# How do you determine the limit of (x² - 3x - 2)/(x² - 5) as x approaches infinity?

Apr 28, 2016

${\lim}_{x \rightarrow \infty} \frac{{x}^{2} - 3 x - 2}{{x}^{2} - 5} = 1$

#### Explanation:

Given,

${\lim}_{x \rightarrow \infty} \frac{{x}^{2} - 3 x - 2}{{x}^{2} - 5}$

Divide every term by the term with the highest degree in the denominator.

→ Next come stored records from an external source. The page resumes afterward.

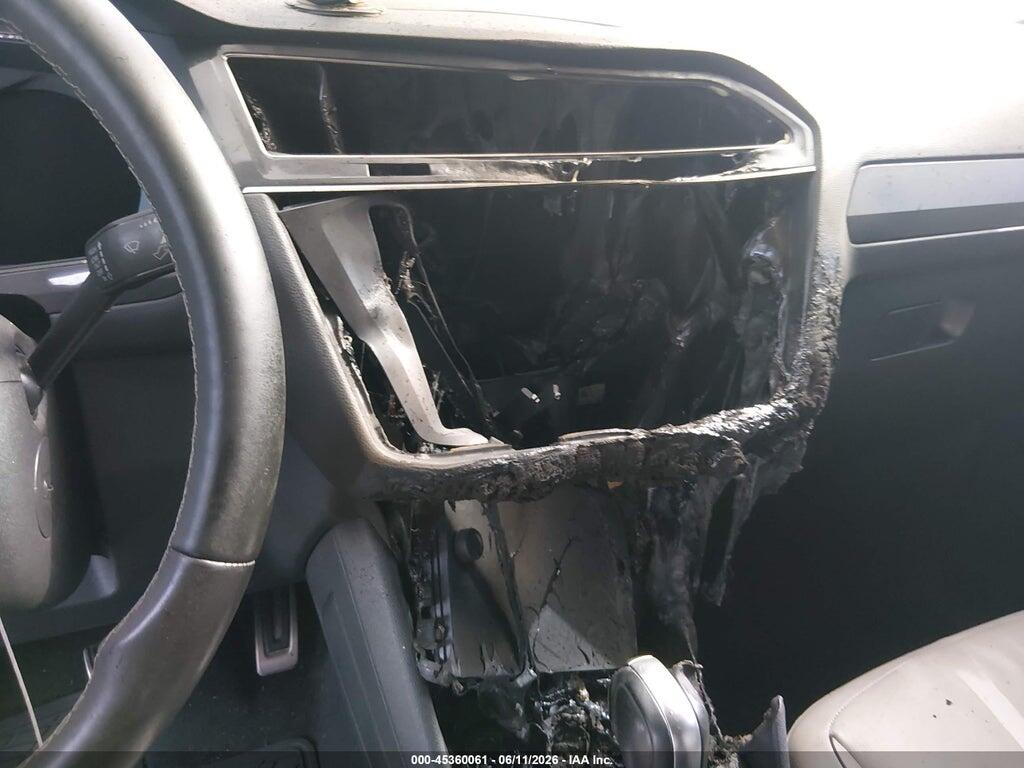 3VV4B7AX7JM161624 2018 VOLKSWAGEN TIGUAN photo no. 6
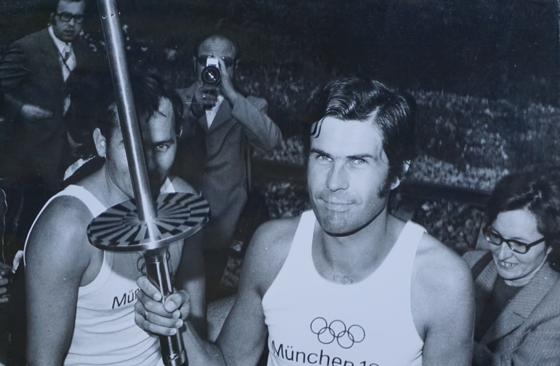 Volker Panzer durfte 1972 bei den Olympischen Spielen als Fackelträger an den Start. Jetzt wird der Ehrenbürger stolze 80 Jahre alt. Foto: Privat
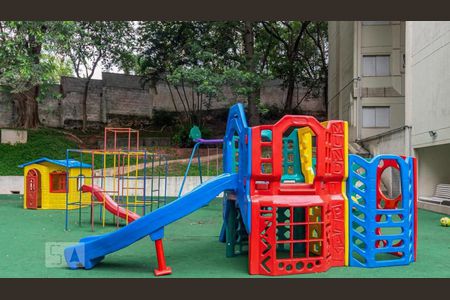 Apartamento para alugar com 68m², 3 quartos e 1 vaga Apartamento para alugar com 68m², 3 quartos e 1 vagaÁrea Comum - Playground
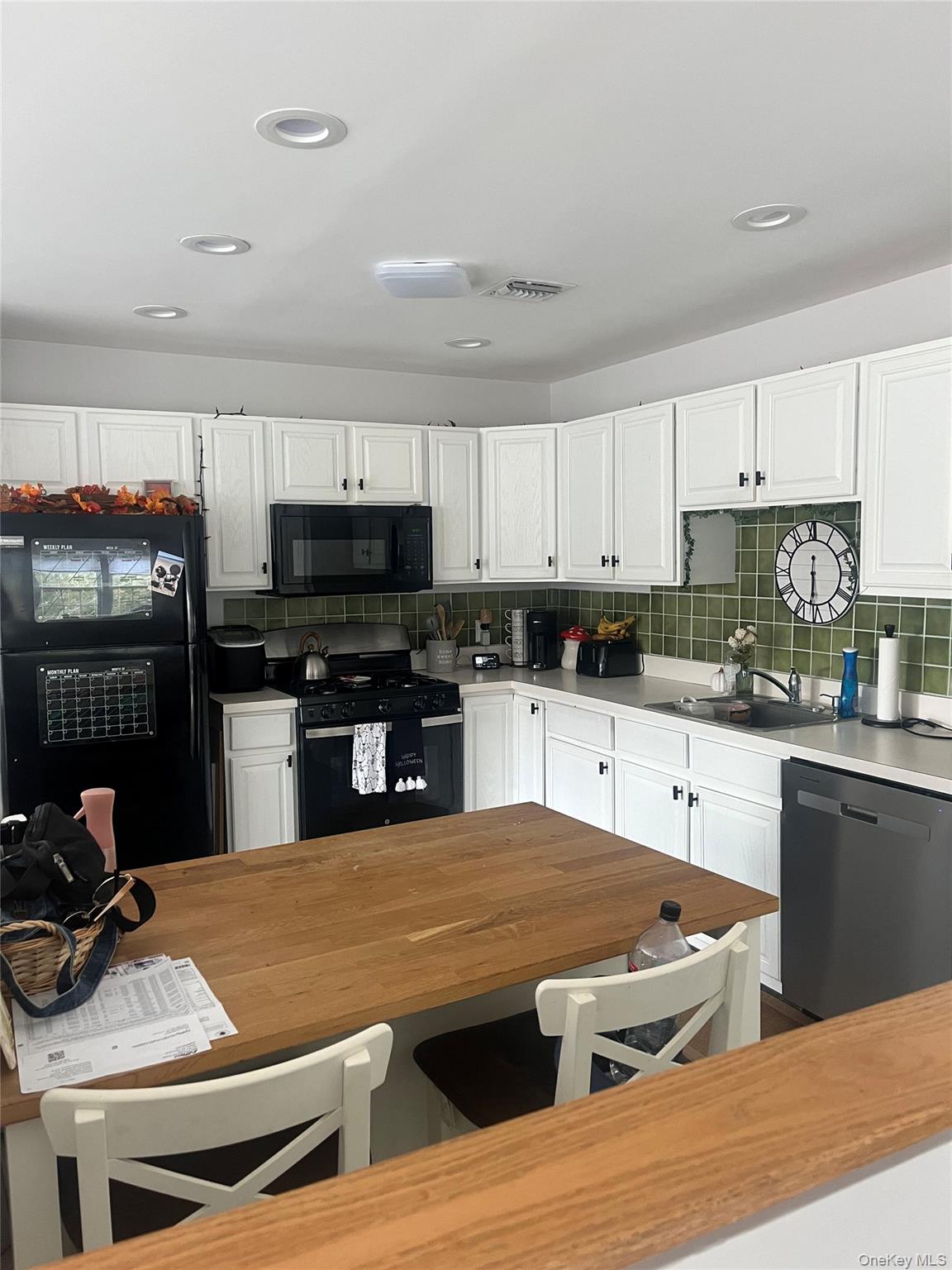 #2 photo, 9 Commodore Circle, サフォーク郡 Port Jefferson Station , NY 11776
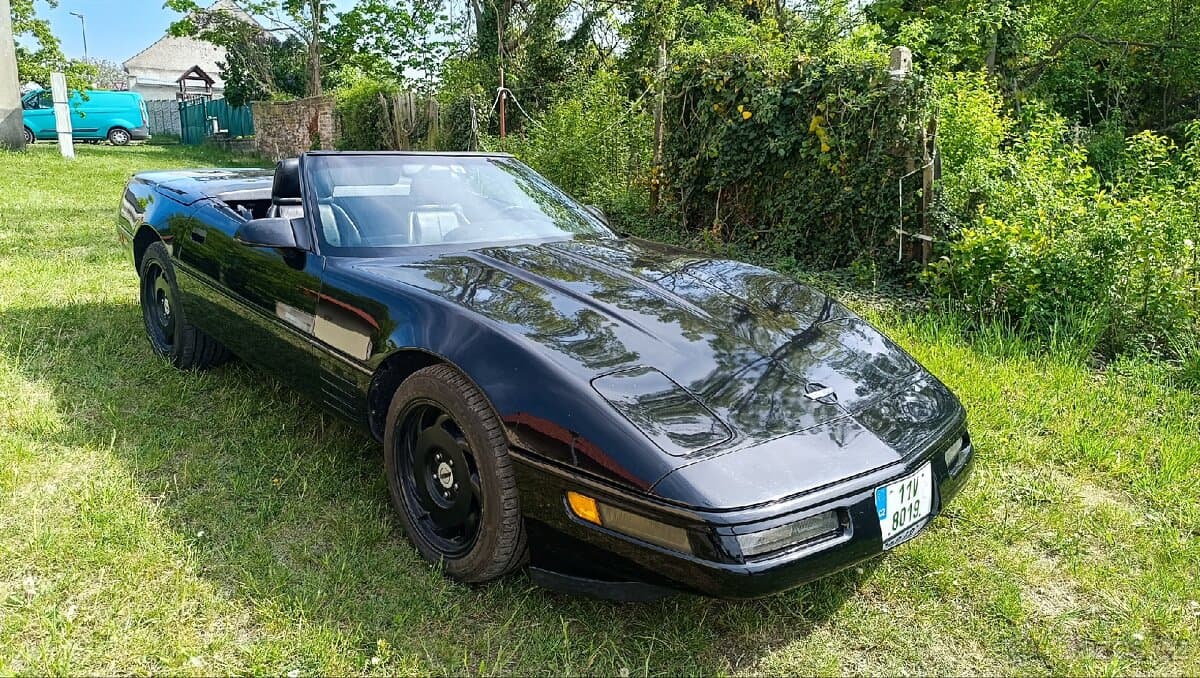 1992 Chevrolet CORVETTE - 18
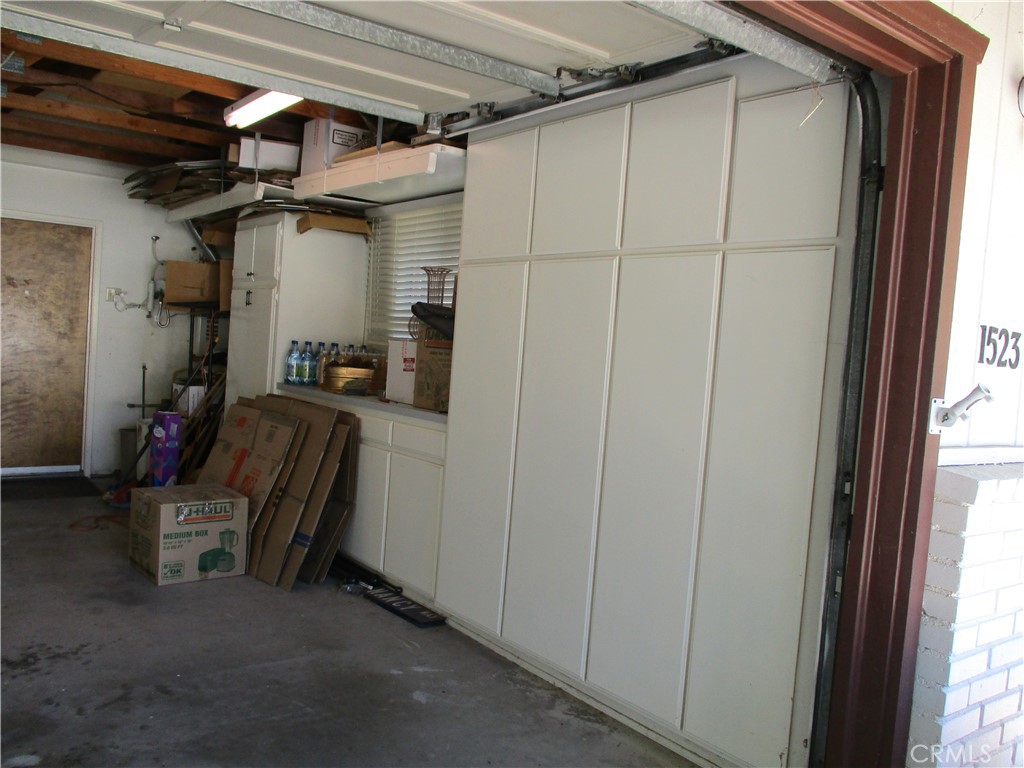 1523 Country Club Drive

$= {\lim}_{x \rightarrow \infty} \frac{{x}^{2} / \textcolor{b l u e}{{x}^{2}} - \frac{3 x}{\textcolor{b l u e}{{x}^{2}}} - \frac{2}{\textcolor{b l u e}{{x}^{2}}}}{\frac{\textcolor{b l u e}{{x}^{2}}}{\textcolor{b l u e}{{x}^{2}}} - \frac{5}{\textcolor{b l u e}{{x}^{2}}}}$

$= {\lim}_{x \rightarrow \infty} \frac{1 - \frac{3}{x} - \frac{2}{x} ^ 2}{1 - \frac{5}{x} ^ 2}$

Substitute $x = \infty$.

$= {\lim}_{x \rightarrow \infty} \frac{1 - \frac{3}{\infty} - \frac{2}{\infty} ^ 2}{1 - \frac{5}{\infty} ^ 2}$

Any constant divided by $\infty$ has a limit of $0$ since the quotient would approach $0$.

$= {\lim}_{x \rightarrow \infty} \frac{1 - 0 - 0}{1 - 0}$

$= {\lim}_{x \rightarrow \infty} \frac{1}{1}$

$= 1$